Romania blocks 300+ gambling sites; Polymarket ban upheld

Romania’s gambling regulator blocked more than 300 unlicensed sites, opened a €5 million fund for addiction treatment and a court kept Polymarket on the national blacklist.

The Oficiul Național pentru Jocuri de Noroc (ONJN) published a 12-month activity report on April 24 detailing enforcement actions, new tools and policy changes under president Vlad-Cristian Soare. The report notes more than 300 unlicensed gambling websites were added to Romania’s blocking list during the period.

ONJN inspectors carried out about 11,000 control actions, issued fines totaling 10 million lei (roughly $2.2 million), revoked 60 operator licenses and filed 70 criminal complaints, the report says. Regulators issued over 60 takedown orders for illegal online content and reported a 98% compliance rate for those orders.

The agency launched a cloud-native public register of gaming devices in October 2025. The system assigns a unique QR code and requires geolocation tracking for each registered slot machine and video lottery terminal. The ONJN described the register as the first of its kind among European Union regulators. Legislation also expanded the agency’s authority to issue takedown orders under the EU Digital Services Act framework.

On player protection, the report says the self-exclusion registry has grown from about 30,000 unprocessed requests inherited when Soare took office to roughly 54,000 individuals. A draft emergency ordinance at the Ministry of Finance would standardize the self-exclusion process across land-based and online operators, introduce a mandatory cool-off period and set penalties of up to 100,000 lei for noncompliance.

On April 17 the ONJN opened applications for Conștient și Liber (Aware and Free), a €5 million state fund that will finance gambling addiction prevention and treatment. Applications close May 11, and grant implementation is scheduled from August through December 2026.
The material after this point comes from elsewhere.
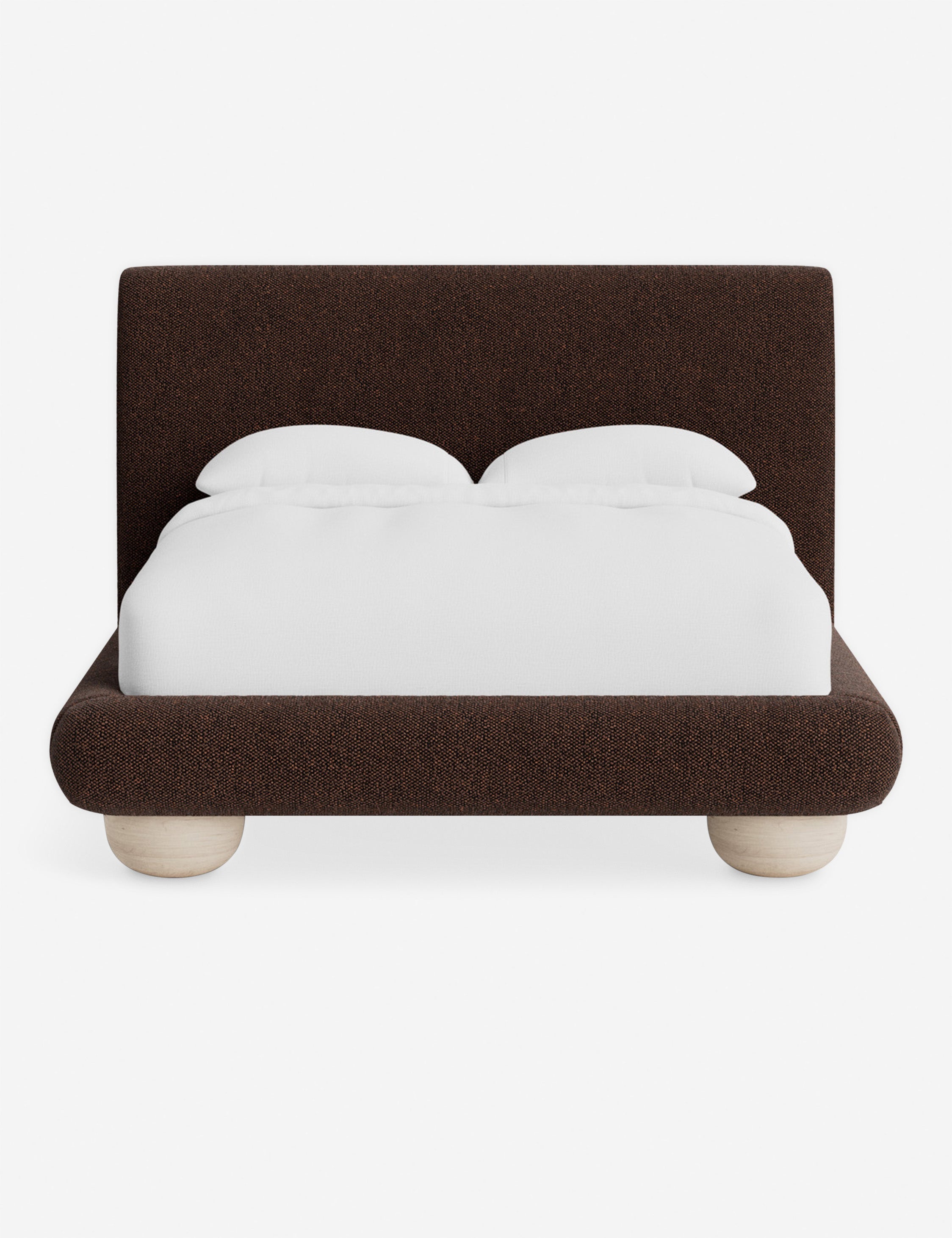 Rivo Platform Bed | Upholstered Frame, Light Wood Grain Base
The report also records a court decision on April 1 in which a Bucharest court rejected Polymarket’s request to suspend the ONJN’s blacklist decision. In the report Soare wrote: “Whether you bet in lei or in crypto, if you wager money on a future outcome under counterparty conditions, we are talking about gambling that must be licensed.” He added that the ONJN would continue investigations and enforcement actions.
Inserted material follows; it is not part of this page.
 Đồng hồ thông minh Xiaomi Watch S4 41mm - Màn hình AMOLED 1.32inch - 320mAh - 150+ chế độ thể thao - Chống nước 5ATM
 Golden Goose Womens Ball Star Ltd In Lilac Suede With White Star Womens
Romania joined the Balkan Gaming Federation in March, a regional industry body that coordinates policy across Western Balkan markets while leaving national regulators in charge. The ONJN noted that several reforms, including the Conștient și Liber program, the device register rollout and the unified self-exclusion ordinance, remain in early implementation and depend on further legislative or budgetary steps. The report says ongoing investigations and enforcement actions are expected to continue into the next mandate.